Os setores prioritários identificados pelos próprios municípios, limpeza urbana, esgotamento sanitário e iluminação pública, formam o tripé básico da infraestrutura urbana. São serviços essenciais com receita previsível, o que os torna atrativos para modelos de concessão e PPP. A iluminação pública, por exemplo, conta com fonte de receita vinculada (Contribuição de Iluminação Pública, a CIP), o que facilita a estruturação de garantias.

Para empresas como o Grupo Monto e a Austin Urbanismo, essa configuração de mercado cria condições favoráveis. Operadores com capacidade de atuar em múltiplas frentes, combinando engenharia, gestão de concessões e desenvolvimento urbano, encontram um ambiente de baixa concorrência e alta demanda reprimida.

Como o ecossistema de infraestrutura urbana se organiza no Brasil?

A cadeia de valor da infraestrutura urbana municipal envolve ao menos quatro elos distintos: a estruturação e modelagem dos projetos, o financiamento, a execução das obras e a operação de longo prazo. Cada elo atrai perfis diferentes de empresas e investidores.

Na ponta da estruturação, consultorias e fundos como o FEP/CAIXA desempenham papel central ao transformar demandas difusas em projetos bancáveis. Na execução, empresas de engenharia pesada e urbanismo entregam a infraestrutura física. Na operação, concessionárias assumem a gestão de serviços por períodos que podem ultrapassar duas décadas.

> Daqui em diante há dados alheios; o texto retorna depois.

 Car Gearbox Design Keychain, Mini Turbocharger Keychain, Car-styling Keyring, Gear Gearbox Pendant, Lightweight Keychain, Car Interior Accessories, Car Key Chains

O GRI Institute atua como espaço de convergência entre esses elos. Ao reunir CEOs de construtoras, gestores de fundos de infraestrutura, líderes de concessionárias e representantes do poder público, a instituição facilita a formação de consórcios e a troca de inteligência de mercado. Em um setor onde a assimetria de informação entre municípios e investidores privados é elevada, essa função de intermediação qualificada ganha relevância estratégica.

A integração entre urbanismo e infraestrutura não é uma tendência emergente, mas uma necessidade concreta. Cidades que crescem sem planejamento integrado acumulam passivos de mobilidade, saneamento e habitação que se tornam exponencialmente mais caros de resolver. Executivos como Bruno Zanini, que operam na confluência entre tecnologia, sustentabilidade e engenharia, e empresas como a Austin Urbanismo, que entregam bairros com infraestrutura completa desde a concepção, representam o modelo de atuação que o ciclo atual exige.

O Brasil dispõe hoje de marco regulatório robusto, instrumentos de financiamento acessíveis e uma janela política favorável. O que definirá a velocidade e a qualidade da transformação urbana nos próximos anos é a capacidade dos líderes do setor de converter essa convergência de fatores em projetos concretos, bem estruturados e financeiramente sustentáveis.